DATA EXTRACT ::

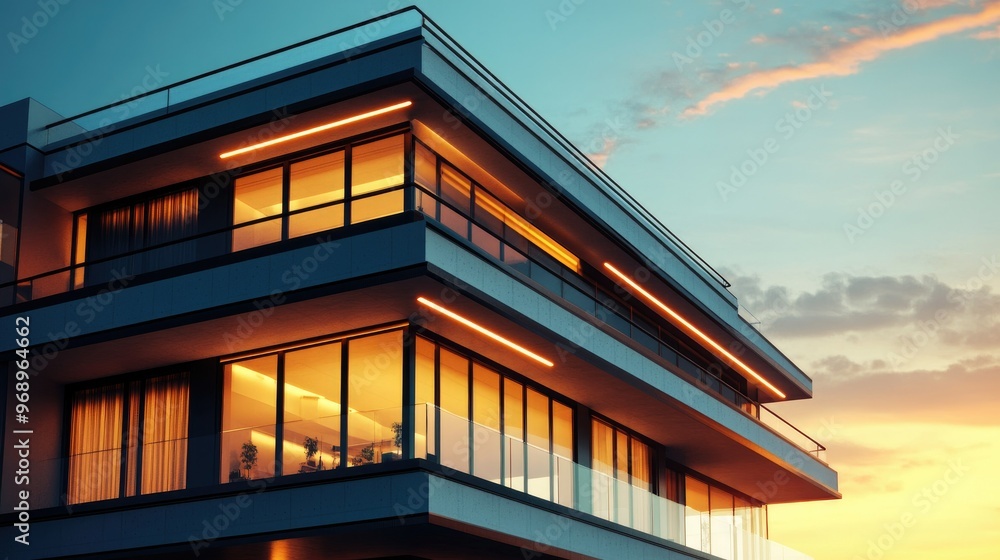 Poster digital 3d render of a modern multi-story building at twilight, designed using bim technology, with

--

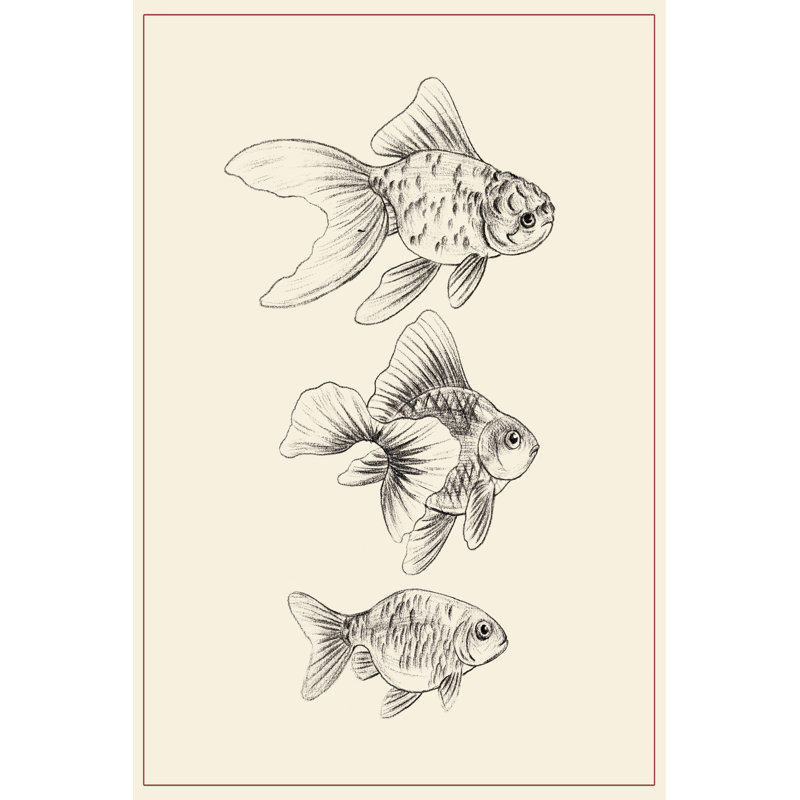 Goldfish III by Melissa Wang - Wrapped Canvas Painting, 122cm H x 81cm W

* * *

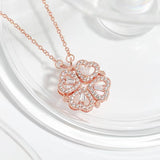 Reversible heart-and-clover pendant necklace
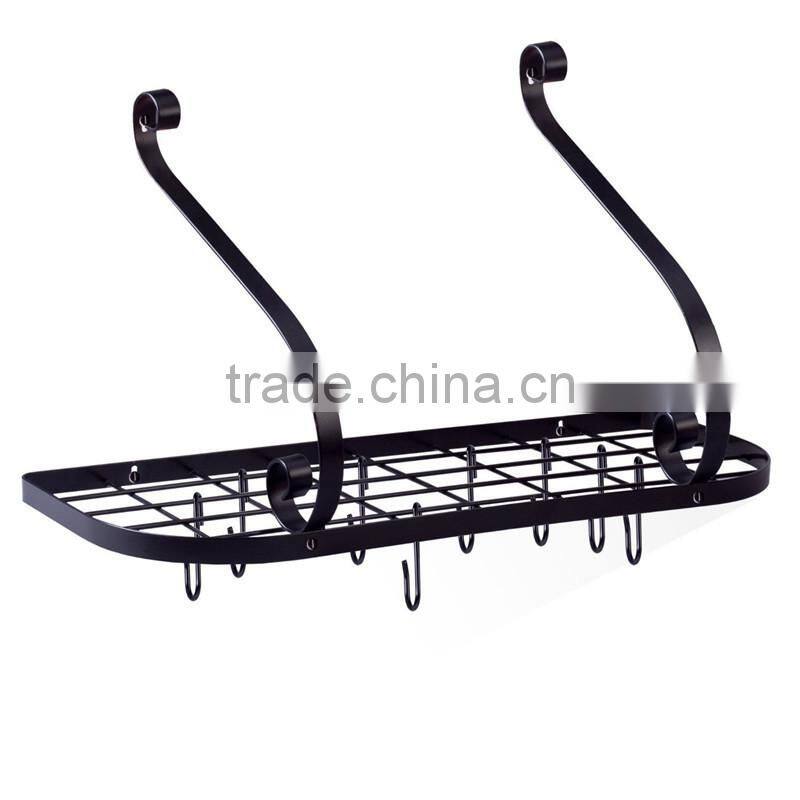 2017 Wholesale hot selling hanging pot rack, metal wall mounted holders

PROBLEM :: Give again, exactly as written above, every line from the one holding "Reversible heart-and-clover pendant necklace" to the one holding "2017 Wholesale hot", with both ends kept and the pictures left out.

ANSWER FOR THIS EXERCISE ::
 Reversible heart-and-clover pendant necklace
 2017 Wholesale hot selling hanging pot rack, metal wall mounted holders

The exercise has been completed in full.